Not to mention myself.
Maybe I didn’t really die in the crash: my heart still beat, though with a vastly different rhythm, and I still required air—but having one foot in the grave and the other in the land of the living made these distinctions moot. If the necrotic virus from Dracula’s transfusion didn’t actually kill me someday, it still seemed destined to drive me mad. Half-believing that Jennifer’s spirit remained behind to “haunt” me was just the earliest stage of its effect on my cerebral cortex. What would come later? Would I become another soulless vampire predator? Or would I become something more monstrous? More evil?

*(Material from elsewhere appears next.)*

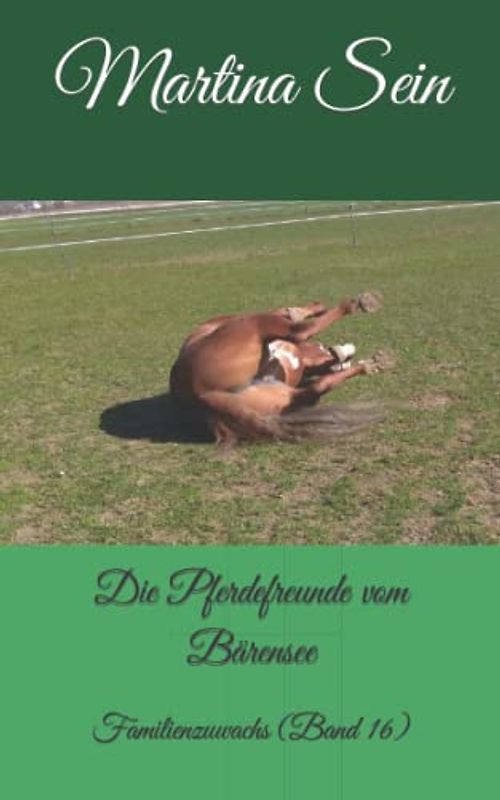 Die Pferdefreunde vom Bärensee: Familienzuwachs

More like my ancient forebear?
Generations of inbreeding certainly set the stage for the madness to come at the close of the sixteenth century. Erzsébet Báthory’s neurological problems manifested at an early age with seizures and blackouts when she was just four or five. A sadistic, bisexual aunt and a schizophrenic uncle provided perverse tutelage at an impressionable age. And then there was Lord Acton’s axiom: spoiled, wealthy child of privilege raised by a series of governesses employed to cater to her every need—it would have been a miracle if her relationships hadn’t been dysfunctional to some degree.
And what’s easier to forget in this kinder, gentler world that we oh-so-civilized folk now inhabit is that she was very much a child of her time. Hungary was experiencing a turbulent period in its already tempestuous history. It had served as a battleground between the Turkish forces of the Ottoman Empire and the Hapsburg armies of Austria and there were continuous and mostly ineffectual efforts to send the Turks back home—or at least keep them at bay. War, battle, death, and retribution unfolded all around her on a regular basis. Life was harsh and the administration of justice—or, rather, rule—was even harsher.
As a young girl Erzsébet witnessed numerous punishments and executions, including numerous whippings, floggings, hangings, forced cannibalism, and burnings at the stake. Three peasant boys were accused of trying to rape her when she was eight years old. She had a front row seat when they were publicly castrated.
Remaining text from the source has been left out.